The naked handled of the Padermo is no more comforable than the non-cast debuyer, but the Padermo silicon holder is very thick, comfortable, and nicely made. It "clips" onto a detente at the end of the handle and is very secure.


----------



## GlassEye

Pics aren't working for me. Edit: working now.

How is the transition from flat to sides, I get annoyed by sharp corners. I might have to try one of these pans, I really want a decent carbon steel pan. Thanks for writing a review.


----------



## EdipisReks

nice review! the Padernos are nice, though i've never used that silicone sleeve, which looks great.


----------



## Justin0505

the "corner" from flat to side is not really rounded, but the angle is large enough that it hasn't given me any trouble so far. I mostly use a metal global turned that has filleted corners (about 5mm radius) and it seems to get into the corners just fine. 

If you're thinking about trying one out, I don't think that this pan would be a risky place to start. Including the handle, it was $40.04 delivered. Just make sure you read up on seasoning first: some folks have had trouble with that with carbon pans. I used a combo of the oil method at first, and then did a bit of the lard method later on for color. Just remember: a thinner coating is better.


----------



## tgraypots

got one on my amazon.com wishlist, but 9 1/2"


----------



## dmccurtis

My 12.5" DeBuyer mineral domes like that when heated as well, and also returns to flat when cool. It seems to be more noticeable on the larger carbon pans than the smaller ones. I suspect it has to do with the centre of the pan, being directly over the heat source, expanding more than the cooler edges.


----------



## obtuse

Great pan for the price! I have three, plus three debuyers.


----------



## kalaeb

Justin, is 11 inches the bottom (actual cooking) diameter or the top? Great looking pan!


----------



## Justin0505

kalaeb said:


> Justin, is 11 inches the bottom (actual cooking) diameter or the top? Great looking pan!

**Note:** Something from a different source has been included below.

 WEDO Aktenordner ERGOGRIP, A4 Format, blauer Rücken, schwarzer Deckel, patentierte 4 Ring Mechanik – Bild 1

That's a good question. The 11" is at the top, and looks to actually be measured from the outside diameter. So, the largest interior diameter is 11" minus the 6mm or so in wall thickness. 
The base / bottom is just about 8" - which is actually what I wanted b/c my largest electric burner is about the same size.

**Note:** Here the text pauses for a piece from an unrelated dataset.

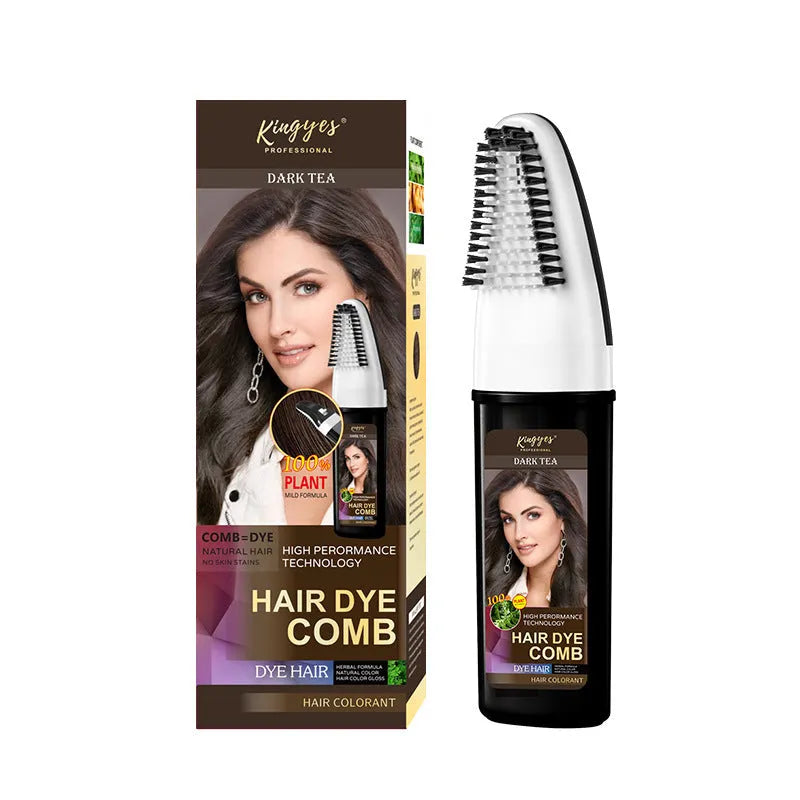 Hair dye cream bottle with comb applicator in black, wine red, dark brown and brown colour options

If you are also using a pan like this on electric (I hate electric btw), then this is something to consider as any area no in direct contact / directly over the burner will not heat as quickly or get as hot. Sometimes that can actually be useful. Like if I'm frying a bunch of bacon and want some less more crispy / black than others, I'll move the pan so part of it is off the burner and use that as a lower heat zone.


----------



## Notaskinnychef

Sorry for necro'ng this thread but I'm looking for one up here in Canada but can't seem to find any aside from overpriced ones on amazon.ca 

Anyone have suggestions?


----------



## Justin0505

Sorry, I'm in Minnesota (which is the Canada of the states), but have no idea of sources for actual Canada. I got mine from the us amazon.com. I think it was around $40 iirc. 

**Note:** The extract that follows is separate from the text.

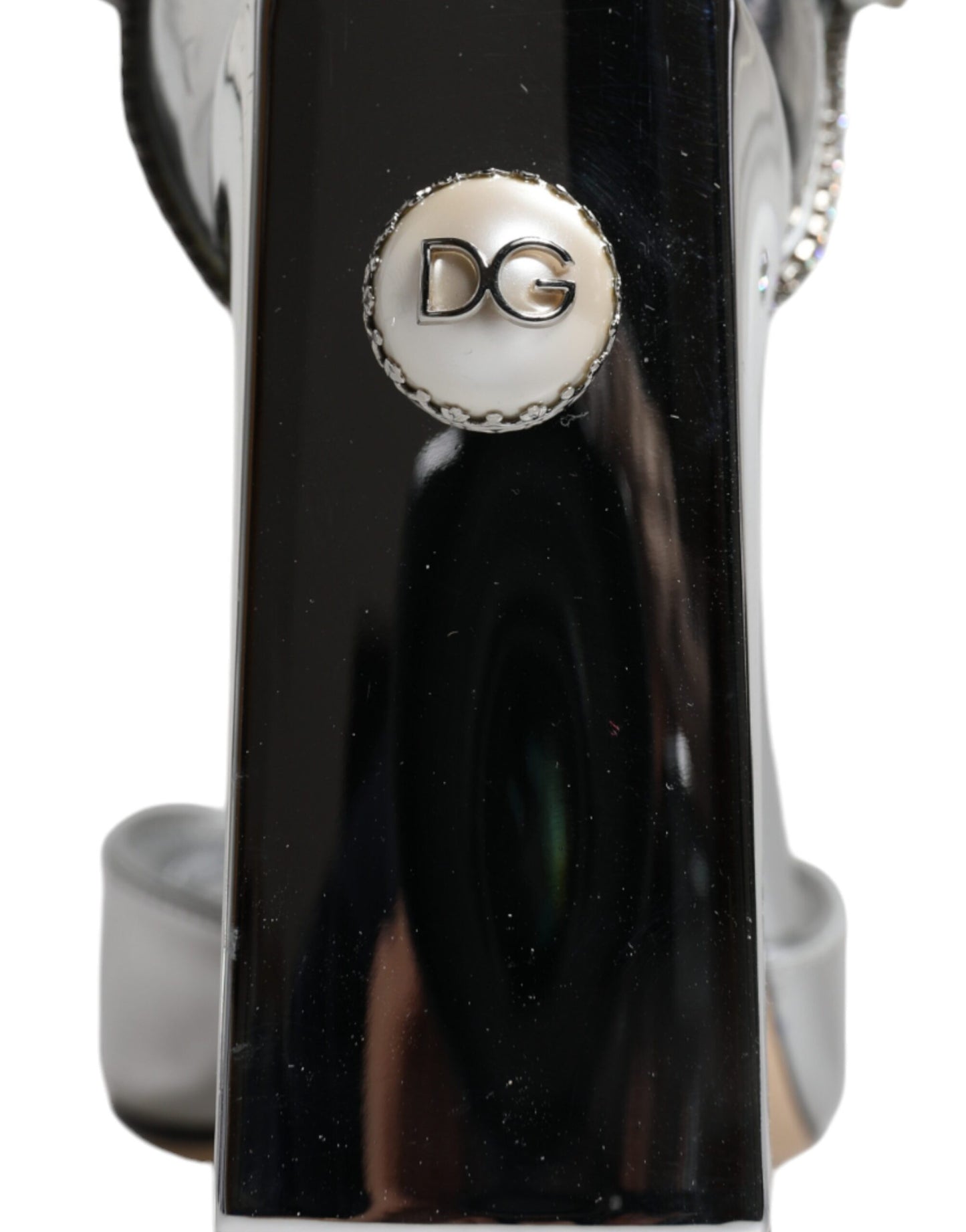 Dolce &amp; Gabbana Silber Leder T-Riemen Heels Sandalen Schuhe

I've been using the pan daily since I posted the original review and I love it even more now. Still no warping, but if I do heat it too rapidly on my terrible electric glass top range, it does temporarily warp just enough to spin on the glass a bit. Once the temperature equalizes, it flattens back out. This would be imperceptible on a real (gas) range.

I've also noticed that the silicon sleeve has loosened up a bit from gripping it and taking it on and off (i take it off when i put the pan under the broiler and then put it back on the very hot handle when it comes out of the broiler). Not really a problem at this point, and I think a new one is like $5, but I thought I'd mention it as it's the only real wear item on the pan.


----------



## Miles

I've largely given up on all my "fancy" cookware. I have a half dozen French steel pans that do 99% of the work in my kitchen. The larger pans do warp slightly under heat, but quickly return to true after they cool off. Were I to dispense with all my cookware, these would be amongst the very last to go. Sometimes the most basic and simple of things actually perform far better than things which are far more complicated. Mine are a mix of Matfler and DeBuyer. They all do exactly what I want them to do and then some.


----------



## El Pescador

I have the omelet/crepe pan. I love it and use it when ever I get the chance. I love that its so nonstick now with the patina that I just wipe it off after use.


----------



## Miles

Exactly. We have roughly a dozen and a half crepe pans which we use for classes. I always chuckle when the students seem shocked at the fact that a crepe won't stick even when it's not a non stick pan. I always laugh and ask them what do you think people did before teflon???


----------



## Notaskinnychef

Hoping to find one somewhere in Canada that isn't uber money as I'd love to buy now that my every day nonstick one is on its last legs. 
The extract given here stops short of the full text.